What to do ->
Copy exactly, and only, the lines from the line containing "Четвероногий Гурман Готовый" through the last line of the records below, both included, and leave out any pictures.

--- START ---

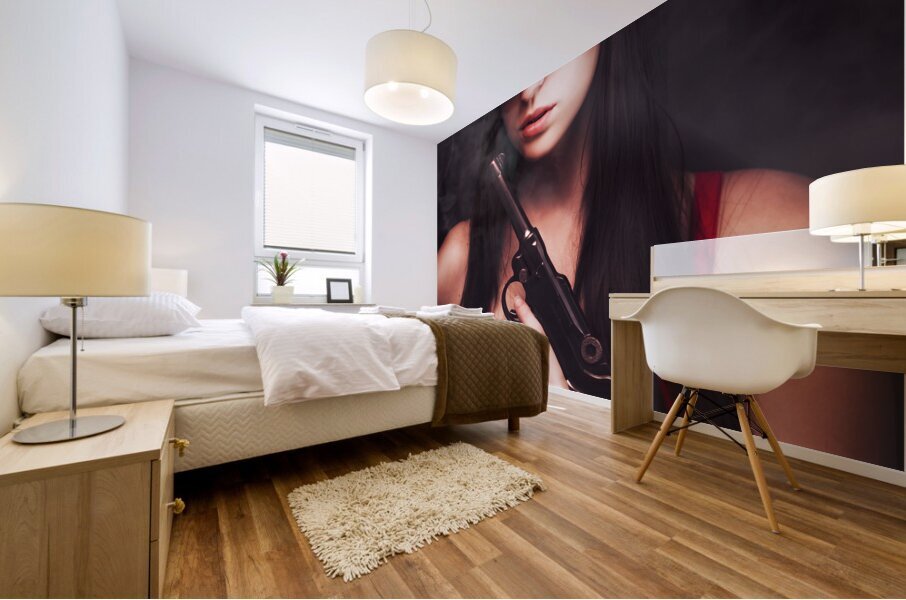 Mobster Toting A Gun Mural print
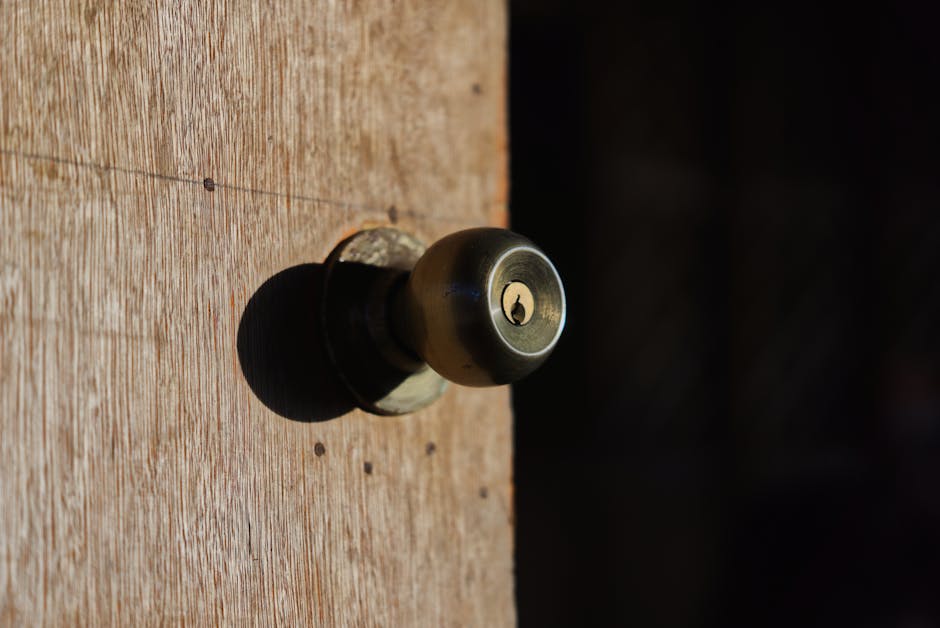 High quality brass door knob on a fiberglass door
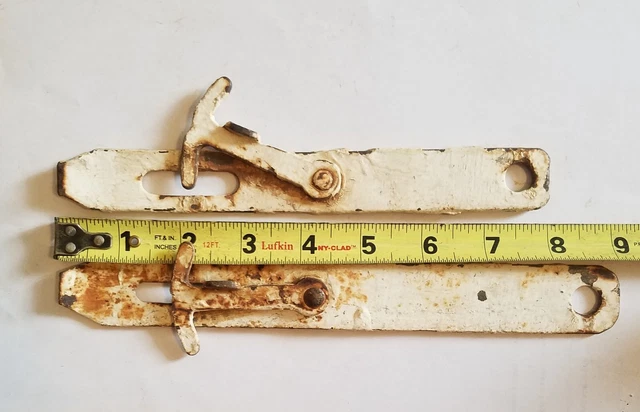 Vintage 2 Barn Door Latch and Hooks, a small latch and two random pieces.   M301 3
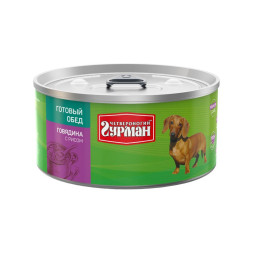 Четвероногий Гурман Готовый обед консервированный корм с говядиной и рисом для собак - 325 г (12 шт)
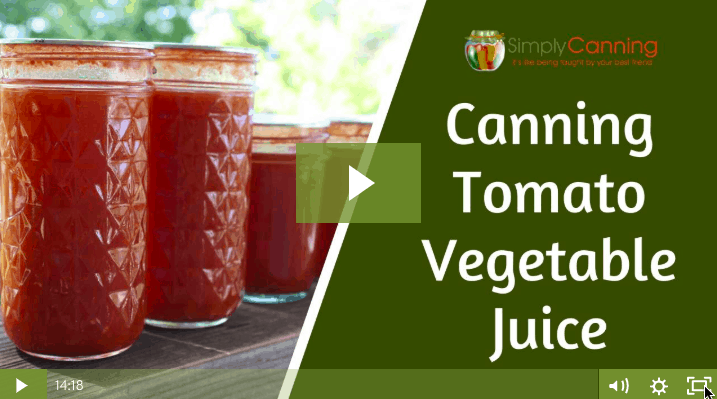 Pretty jars of red tomato vegetable juice linking to the member lesson.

--- END ---

Task result ->
 Четвероногий Гурман Готовый обед консервированный корм с говядиной и рисом для собак - 325 г (12 шт)
 Pretty jars of red tomato vegetable juice linking to the member lesson.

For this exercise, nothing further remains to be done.